The market is watching one potential deal closely for what would be its size and unique structure. Clearlake Capital and Insight Partners are considering a process that would move two assets – Diligent and Appriss – out of older funds and into a continuation pool for more time and capital to grow the businesses. The firms are working with Evercore on structuring a potential transaction.
The deal would be an example of the kind of processes of scale that more in-demand GPs are using to extend their holds over certain assets for which they see more future growth. Many managers have concluded they don’t want to lose out on future growth of assets they’ve developed over a number of years, and continuation funds provide a structure to make that happen.
At the same time, LPs in older funds want liquidity, so such deals, while extending a GP’s hold over an asset, also give existing investors in the older fund the choice to cash out of their interests in the business, or reinvest in the company through the continuation fund.
The potential Clearlake/Insight deal is interesting for a few reasons. First, the size: sources tell affiliate title Buyouts it could total more than $4 billion, which is needed to move the assets out of the older funds as well as provide fresh capital for future add-on activity. Nothing has been finalised, so any transaction could come in higher or lower, according to a person with knowledge of the talks.
Even more unusual is the idea of two GPs jointly running a continuation fund. Several secondaries market sources said they had not seen that structure before. The mechanics of such a deal are currently under discussion and much could change, including which assets are included in the mix, sources said. Diligent, which provides software services for executives and board directors, would represent the majority of the continuation fund as it’s being currently envisioned, sources said.
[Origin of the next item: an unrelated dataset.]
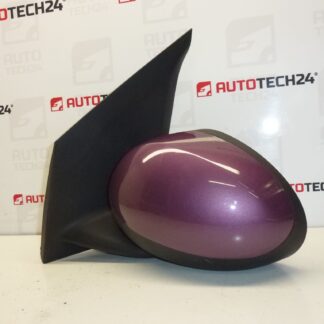 Bal tükör lila Citroën C1 Peugeot 107 87940-0H010 87940-0H011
Insight Partners acquired Diligent through a take-private in 2016. Clearlake took a minority stake in 2018, and then increased its exposure in a 2020 funding that brought on new investor Blackstone Tactical Opportunities, and boosted Clearlake’s stake to nearly equal with Insight.
Insight first backed data and analytics provider Appriss in 2014, and was joined by Clearlake in 2019, affiliate title PE Hub previously reported. Clearlake became an equal partner alongside management and Insight in the company, the report said.
Generally, firms identify assets for continuation funds where they see more growth ahead and in many cases have already identified further acquisition targets. That has been the case for several Clearlake single-asset deals in the past, for which the firm has created a series of continuation funds it calls its Icon funds.
For example, in 2020 the firm moved its portfolio company Ivanti out of several older funds and into a continuation pool, with a slug of fresh capital for future add-ons. Shortly after the secondary closed, Ivanti added-on MobileIron and Pulse Secure.
“This was less about an old fund trying to clean up and more about a Tier 1 asset that needed capital to consolidate a market. You don’t have to raise a new, long-dated fund to keep assets that are choice assets,” a source with knowledge of the deal told Buyouts last year. “You find an asset you want to keep for the next five years, give older LPs the chance to go home, new LPs the chance to invest, give secondaries funds the chance to come in … it’s a win-win-win.”
A few other large deals have moved the market this year, including KKR‘s single-asset process for Internet Brands, and Warburg Pincus‘s GP-led deal for Duravant. GP-led deals represented roughly 51 percent of the $134 billion of total deal volume in 2021, according to Evercore’s 2021 volume report.